Exercise requirements:
Leave the pictures out, and transcribe the material below exactly from the line with "ميلة : الأدوات" to the line with "第136话 ‘九山神’董不疑 第12页", both lines included.

Supplied data:
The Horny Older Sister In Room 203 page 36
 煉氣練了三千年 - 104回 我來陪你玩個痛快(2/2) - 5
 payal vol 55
---
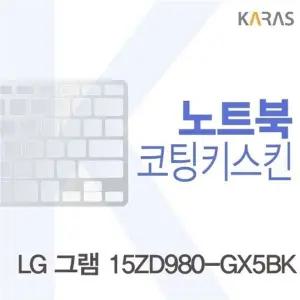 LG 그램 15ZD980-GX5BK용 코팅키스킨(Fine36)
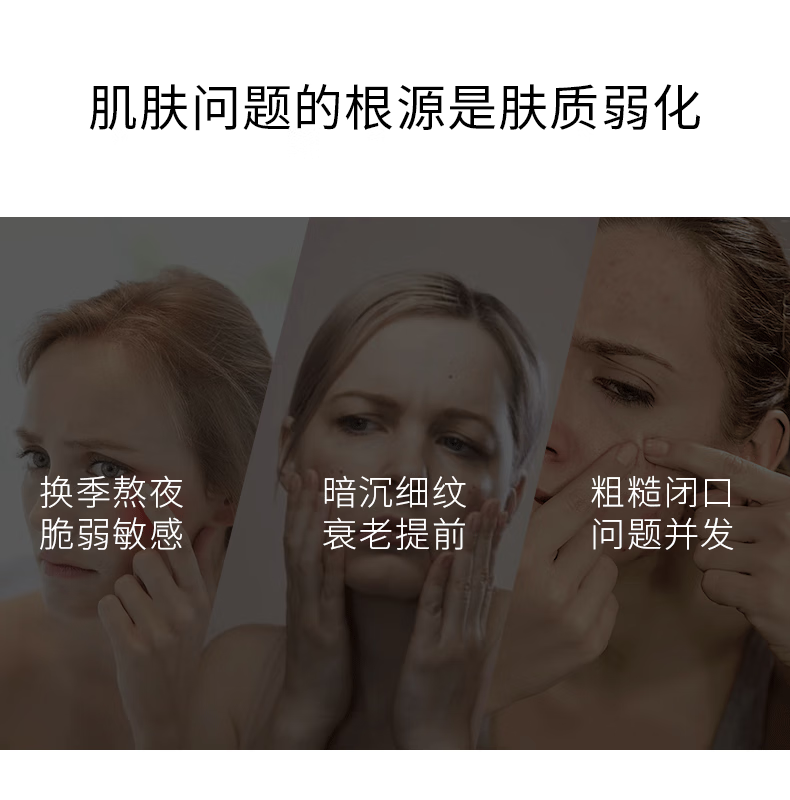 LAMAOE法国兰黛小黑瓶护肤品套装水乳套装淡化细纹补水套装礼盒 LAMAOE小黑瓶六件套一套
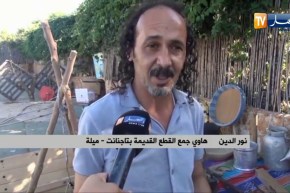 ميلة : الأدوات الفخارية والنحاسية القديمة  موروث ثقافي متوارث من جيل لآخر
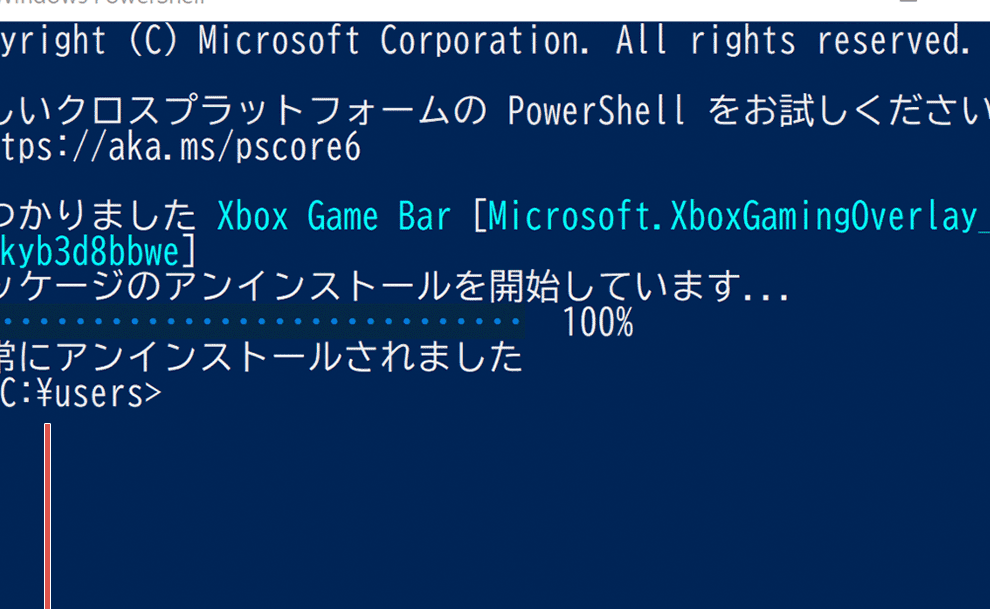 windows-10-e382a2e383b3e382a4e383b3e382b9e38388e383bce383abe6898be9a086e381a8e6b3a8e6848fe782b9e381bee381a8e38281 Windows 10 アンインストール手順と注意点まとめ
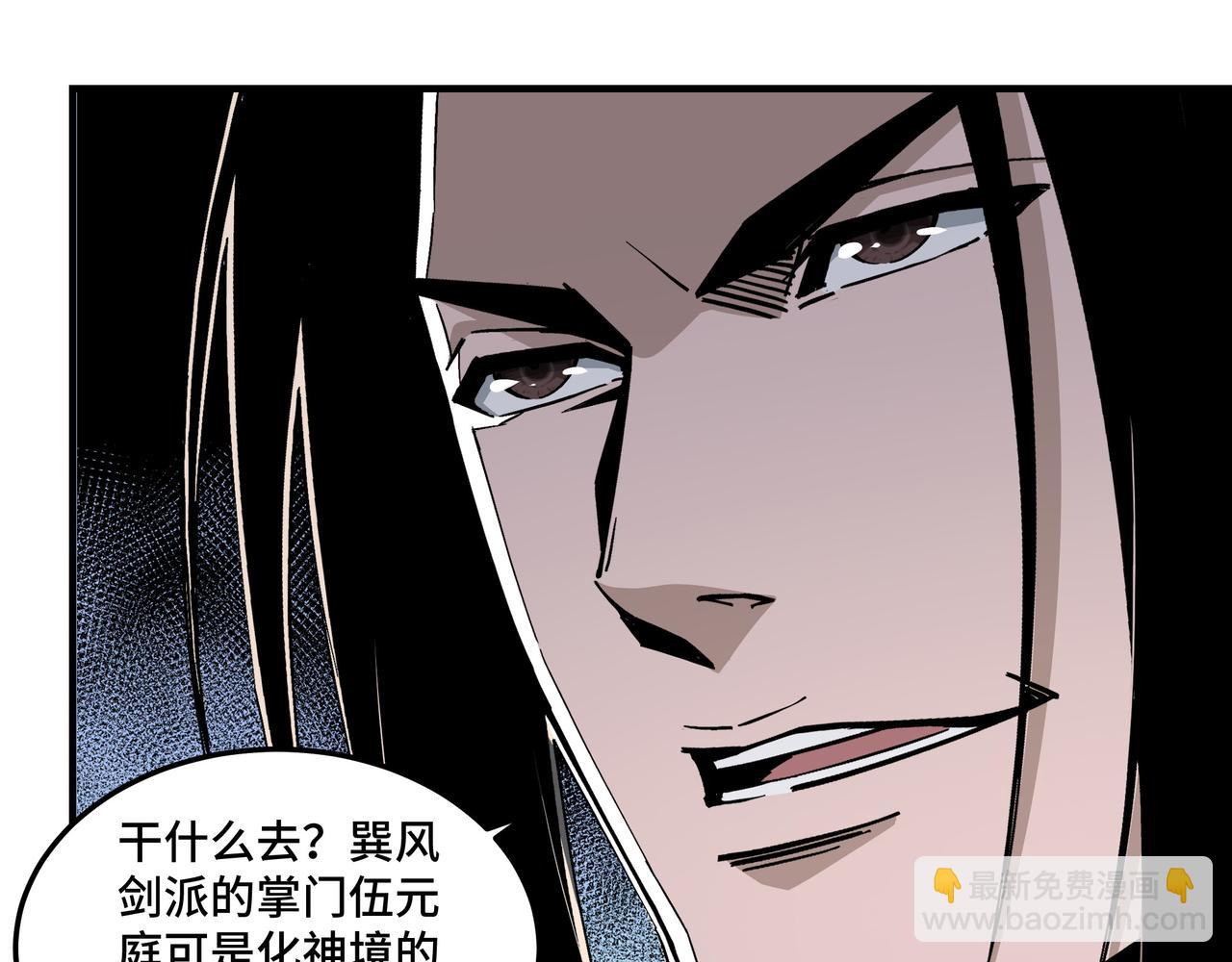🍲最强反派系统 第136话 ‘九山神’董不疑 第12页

Result of this exercise:
 ميلة : الأدوات الفخارية والنحاسية القديمة  موروث ثقافي متوارث من جيل لآخر
 windows-10-e382a2e383b3e382a4e383b3e382b9e38388e383bce383abe6898be9a086e381a8e6b3a8e6848fe782b9e381bee381a8e38281 Windows 10 アンインストール手順と注意点まとめ
🍲最强反派系统 第136话 ‘九山神’董不疑 第12页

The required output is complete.